┌─ DATASET EXCERPTS

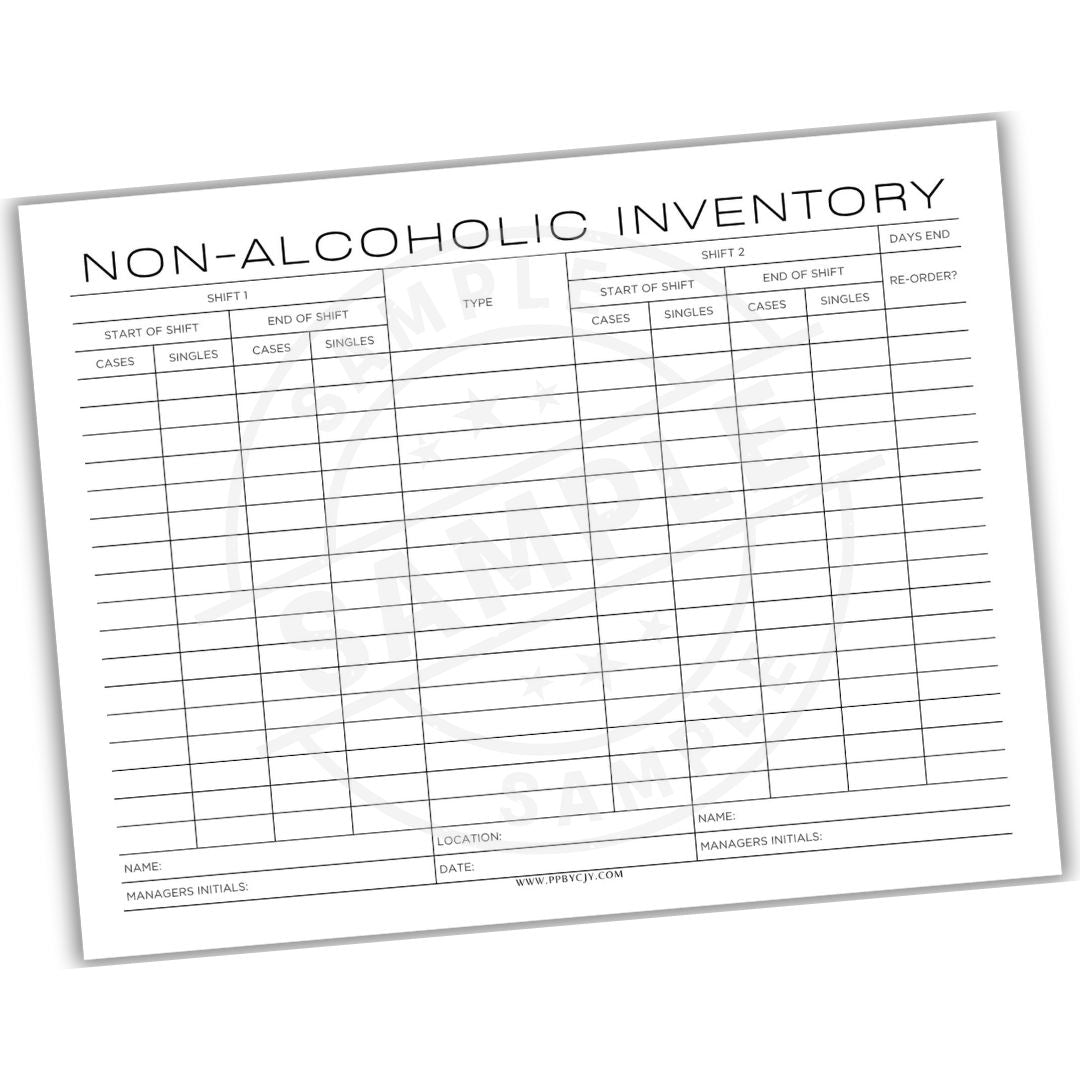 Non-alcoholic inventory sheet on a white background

└─
┌─ DATASET EXCERPTS

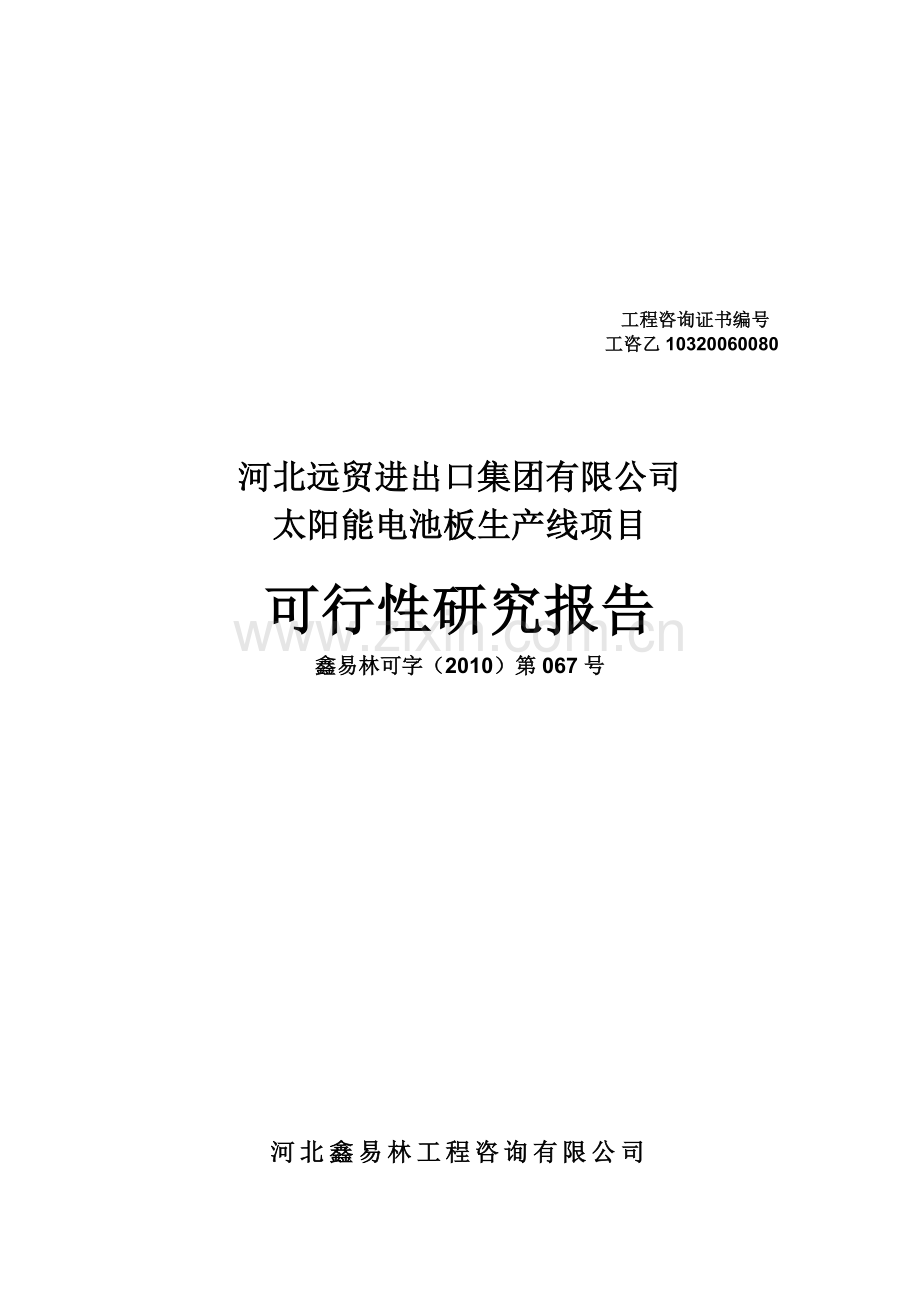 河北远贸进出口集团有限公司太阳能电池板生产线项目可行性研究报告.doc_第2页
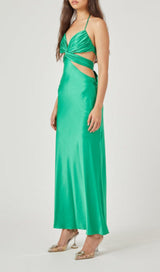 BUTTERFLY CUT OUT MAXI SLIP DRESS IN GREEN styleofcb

└─

**YOUR GOAL**: Look back over the records above. Reproduce exactly everything from the line with "河北远贸进出口集团有限公司太阳能电池板生产线项目可行性研究报告.doc_第2页" down to the line with "BUTTERFLY CUT OUT", inclusive, and leave the pictures out.

**EXERCISE RESULT**:
 河北远贸进出口集团有限公司太阳能电池板生产线项目可行性研究报告.doc_第2页
 BUTTERFLY CUT OUT MAXI SLIP DRESS IN GREEN styleofcb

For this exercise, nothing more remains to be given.